In Sufism, this essence, what Pir Vilayat called the quintessence, of our beings is called Qayoom, pronounced kai-youm. It is generally translated as Eternity but we use it to identify that essential kernel that lives beyond the death of a particular body. It is this energy that enhances the soul and which finally provides the one being with the information it needs to understand itself and its creation. It is not however a result. It is the accumulation of experience that we have while vying for results.
Just my saying this does not make it so of course. I could say that understanding this principle is a realization outside of the rational mental process but that would be putting me above all my readers and I do not like to do that. Maybe it would be more appropriate to say that I am tossing this idea out there to see what happens to it.

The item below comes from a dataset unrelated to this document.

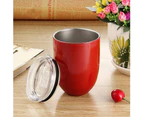 10oz Outdoor Picnic Camping Stainless Steel Stemless Unbreakable Wine Glasses-Silver
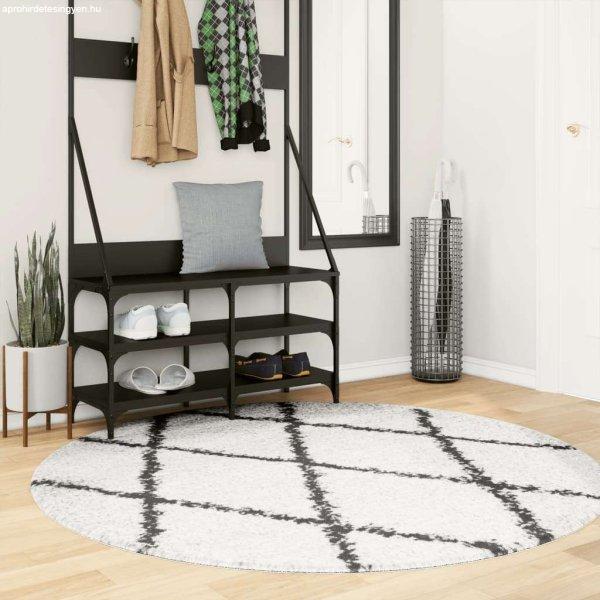 vidaXL krém és fekete hosszú szálú bozontos modern szőnyeg Ø 160 cm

I just wrote an email to a friend of mine wherein I stated that a person can do all of the practices assigned to them and become the most enlightened and spiritual person on the planet but if they do not have the ability to be a friend all the other stuff is wasted. So often we desire mystical experiences, something to give ourselves proof that we are doing something. We seem to need these results. Value received for effort expended. What is really happening though is that we are learning about ourselves and hopefully learning to be friends with ourselves. If, on the other hand, we believe that our efforts are making us lofty, or above it all – if we believe that our efforts have the result of making us somehow better or more informed or more spiritual than others – it is all a waste.
All too often, in the spiritual world, I have seen people, who have a wonderful realization and who suddenly find themselves with responsibilities, become parental. They act as if their word is better than all others and their students, assuming they get any, are treated like misbehaving children. Loving contempt is how it seems to me. What continues to surprise me is the number of people who buy into this. Mature adults with good careers and family responsibilities become little kids in front of these self appointed guardians of the mystical path. Everyone is looking for results.
What is really taking place is Divine Process. It is the struggle to understand. And we are all in it together.